Introduction
This report provides an overview of the protection needs and risks refugees from Ukraine coming to Poland after February 24, 2022 are facing. The data analyzed in this report were collected during the Protection Monitoring (PM) conducted by the IRC in April, May, and June 2023. During this period, the Protection Monitoring Team of the IRC in Poland interviewed a total of 274 adult displaced people in Warsaw and Katowice region. Where justified, the comparisons to the first cycle of the Protection Monitoring (February-March 2023) are provided.
The IRC realizes many differences in the result are due to the sampling (please refer to the Methodology section of this report), therefore comparisons should be made cautiously.
It has been over a year since, on February 24, 2022, the war in Ukraine, which started in 2014, escalated. Those displaced were mostly women, children, and the elderly, as men of conscription age were largely prohibited from leaving the country(1). People who remain in Ukraine face significant challenges in daily life, with some 17.6 million persons in the eastern part of the country in need of humanitarian assistance (2). When writing this report, 966,630 refugees from Ukraine were registered in Poland(3).
The past few months have been marked by serious humanitarian concerns. On June 6, an explosion caused significant damage to the hydroelectric Kakhovka Dam on the Dnipro River, located in Kherson oblast in Ukraine (4). The flooding that resulted from the destruction of the dam severely affected around 17,000 people in government controlled part of Kherson oblast and potentially affected more than 42,000 people in the region.(5) Further, at least 28 towns and villages have been in the emergency stage.(6)
In addition to other military activities around Ukraine, this event led to an expectation that the numbers of refugees to Poland would increase. However, this has yet to happen, and the number remains steady. Month to month, the number of people coming to Poland from Ukraine is higher than the number of people leaving for Ukraine by about 50 thousand since February 2023. (7).

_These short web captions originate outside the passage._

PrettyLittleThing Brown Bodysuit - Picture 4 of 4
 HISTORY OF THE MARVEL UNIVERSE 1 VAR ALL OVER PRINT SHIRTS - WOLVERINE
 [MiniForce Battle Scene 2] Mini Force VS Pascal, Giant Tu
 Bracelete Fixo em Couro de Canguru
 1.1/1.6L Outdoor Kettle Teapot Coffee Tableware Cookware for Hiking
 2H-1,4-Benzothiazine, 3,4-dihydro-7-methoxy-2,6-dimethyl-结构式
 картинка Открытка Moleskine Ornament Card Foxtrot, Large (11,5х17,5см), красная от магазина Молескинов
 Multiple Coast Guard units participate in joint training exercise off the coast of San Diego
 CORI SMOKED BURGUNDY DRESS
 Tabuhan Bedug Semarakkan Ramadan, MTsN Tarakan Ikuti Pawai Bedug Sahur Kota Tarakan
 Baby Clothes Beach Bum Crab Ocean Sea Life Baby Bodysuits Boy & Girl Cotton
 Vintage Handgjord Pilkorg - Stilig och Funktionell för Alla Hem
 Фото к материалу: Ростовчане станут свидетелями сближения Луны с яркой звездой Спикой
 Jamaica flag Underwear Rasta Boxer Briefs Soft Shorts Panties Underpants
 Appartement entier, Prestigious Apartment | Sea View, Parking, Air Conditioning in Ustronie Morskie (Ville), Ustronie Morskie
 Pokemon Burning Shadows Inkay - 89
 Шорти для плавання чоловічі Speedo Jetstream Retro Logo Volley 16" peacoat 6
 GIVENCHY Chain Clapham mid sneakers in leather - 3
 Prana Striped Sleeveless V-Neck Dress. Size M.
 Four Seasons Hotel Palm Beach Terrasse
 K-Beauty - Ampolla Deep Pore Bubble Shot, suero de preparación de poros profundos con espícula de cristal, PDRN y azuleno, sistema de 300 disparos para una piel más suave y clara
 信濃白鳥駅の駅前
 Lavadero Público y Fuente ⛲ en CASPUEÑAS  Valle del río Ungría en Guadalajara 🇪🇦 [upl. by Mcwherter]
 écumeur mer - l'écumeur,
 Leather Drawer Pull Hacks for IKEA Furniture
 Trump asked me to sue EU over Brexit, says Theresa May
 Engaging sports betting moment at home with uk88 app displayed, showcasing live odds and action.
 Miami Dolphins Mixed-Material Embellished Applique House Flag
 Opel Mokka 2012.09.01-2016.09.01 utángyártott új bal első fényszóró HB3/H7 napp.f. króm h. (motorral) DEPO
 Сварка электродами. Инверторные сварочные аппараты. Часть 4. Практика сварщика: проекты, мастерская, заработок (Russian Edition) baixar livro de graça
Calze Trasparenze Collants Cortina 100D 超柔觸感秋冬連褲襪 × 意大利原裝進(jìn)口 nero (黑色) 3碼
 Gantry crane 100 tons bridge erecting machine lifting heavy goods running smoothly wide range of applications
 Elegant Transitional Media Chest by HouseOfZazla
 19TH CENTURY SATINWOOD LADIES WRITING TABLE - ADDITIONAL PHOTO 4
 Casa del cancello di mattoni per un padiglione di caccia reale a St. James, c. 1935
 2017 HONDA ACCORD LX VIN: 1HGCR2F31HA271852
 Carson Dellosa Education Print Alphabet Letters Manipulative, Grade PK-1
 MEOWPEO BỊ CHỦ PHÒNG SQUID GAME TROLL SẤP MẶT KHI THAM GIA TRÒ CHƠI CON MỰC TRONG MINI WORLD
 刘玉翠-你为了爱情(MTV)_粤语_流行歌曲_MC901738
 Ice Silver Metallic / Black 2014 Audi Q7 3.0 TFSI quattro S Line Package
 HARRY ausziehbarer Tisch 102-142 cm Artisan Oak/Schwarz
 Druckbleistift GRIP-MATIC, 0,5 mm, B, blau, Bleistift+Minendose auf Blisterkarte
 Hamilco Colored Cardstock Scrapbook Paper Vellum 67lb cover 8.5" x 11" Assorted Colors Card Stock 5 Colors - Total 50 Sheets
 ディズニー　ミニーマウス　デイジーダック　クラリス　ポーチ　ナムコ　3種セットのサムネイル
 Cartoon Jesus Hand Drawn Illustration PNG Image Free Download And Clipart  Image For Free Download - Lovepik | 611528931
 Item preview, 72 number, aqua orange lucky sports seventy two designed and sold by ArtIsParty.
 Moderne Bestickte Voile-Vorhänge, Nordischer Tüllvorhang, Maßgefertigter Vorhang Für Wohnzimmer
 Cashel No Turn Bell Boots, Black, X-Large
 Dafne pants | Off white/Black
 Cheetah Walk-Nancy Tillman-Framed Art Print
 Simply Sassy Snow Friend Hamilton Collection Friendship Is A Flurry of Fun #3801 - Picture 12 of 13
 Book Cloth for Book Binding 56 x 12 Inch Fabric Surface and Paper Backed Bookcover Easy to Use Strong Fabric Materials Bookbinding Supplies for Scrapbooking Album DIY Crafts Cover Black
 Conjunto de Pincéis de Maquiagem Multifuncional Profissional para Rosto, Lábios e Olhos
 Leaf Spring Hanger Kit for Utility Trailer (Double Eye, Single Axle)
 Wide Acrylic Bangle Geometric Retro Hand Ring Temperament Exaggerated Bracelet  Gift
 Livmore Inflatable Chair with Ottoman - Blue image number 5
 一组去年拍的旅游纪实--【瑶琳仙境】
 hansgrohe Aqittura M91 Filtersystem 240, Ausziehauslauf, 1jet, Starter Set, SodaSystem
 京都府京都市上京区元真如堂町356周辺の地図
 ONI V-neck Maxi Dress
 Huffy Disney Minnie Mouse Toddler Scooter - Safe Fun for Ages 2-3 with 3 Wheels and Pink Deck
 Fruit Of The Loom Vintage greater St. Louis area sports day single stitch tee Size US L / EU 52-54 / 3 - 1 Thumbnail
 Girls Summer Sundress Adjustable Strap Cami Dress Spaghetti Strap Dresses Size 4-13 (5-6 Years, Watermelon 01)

The Protection Monitoring Team of the International Rescue Committee (IRC) started operating a year after the war escalation in Ukraine. This is the IRC's second Protection Monitoring report. It provides an overview of the protection needs and risks faced by those who came from Ukraine to Poland after February 23, 2022. The data was collected between (and including) April and June 2023. During this period, the protection monitoring team of IRC in Poland interviewed 274 adult displaced people: 195 in Warsaw, 14 in Rusiec near Warsaw, and 65 in Katowice.